→ **About this task**
Nothing but an exact copy is asked for: the lines in the material below from the one with "Backyard with a" through the one with "A ladder leading to a king loft bed", pictures excluded.

→ **Records to use**
────────────────────────────────────────
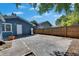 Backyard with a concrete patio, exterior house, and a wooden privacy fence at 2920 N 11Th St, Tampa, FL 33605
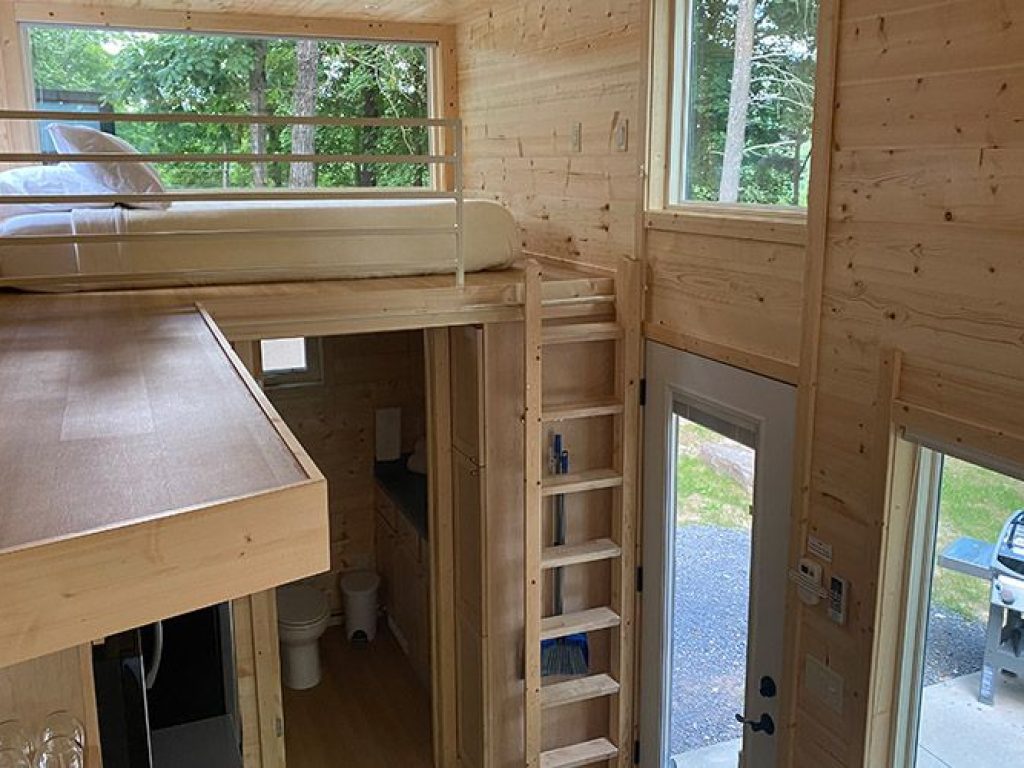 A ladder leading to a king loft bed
────────────────────────────────────────
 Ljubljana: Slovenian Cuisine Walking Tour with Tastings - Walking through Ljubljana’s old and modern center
────────────────────────────────────────
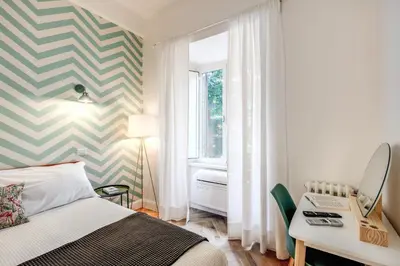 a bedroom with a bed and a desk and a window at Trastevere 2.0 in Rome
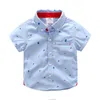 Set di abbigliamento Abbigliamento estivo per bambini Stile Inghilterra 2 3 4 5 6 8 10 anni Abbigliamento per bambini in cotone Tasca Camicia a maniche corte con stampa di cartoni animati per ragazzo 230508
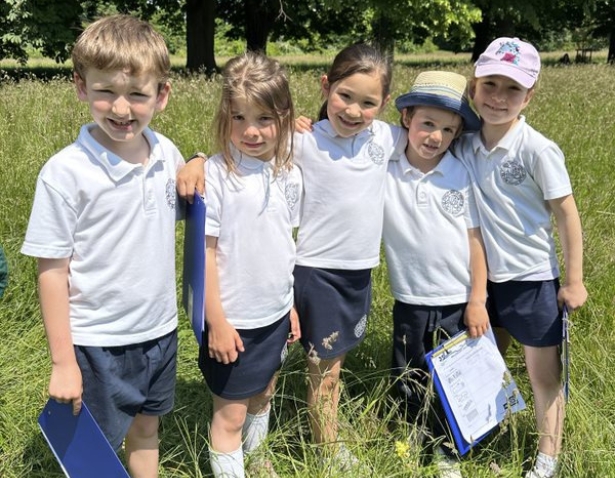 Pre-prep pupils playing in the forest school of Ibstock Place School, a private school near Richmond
────────────────────────────────────────
→ **Result**
 Backyard with a concrete patio, exterior house, and a wooden privacy fence at 2920 N 11Th St, Tampa, FL 33605
 A ladder leading to a king loft bed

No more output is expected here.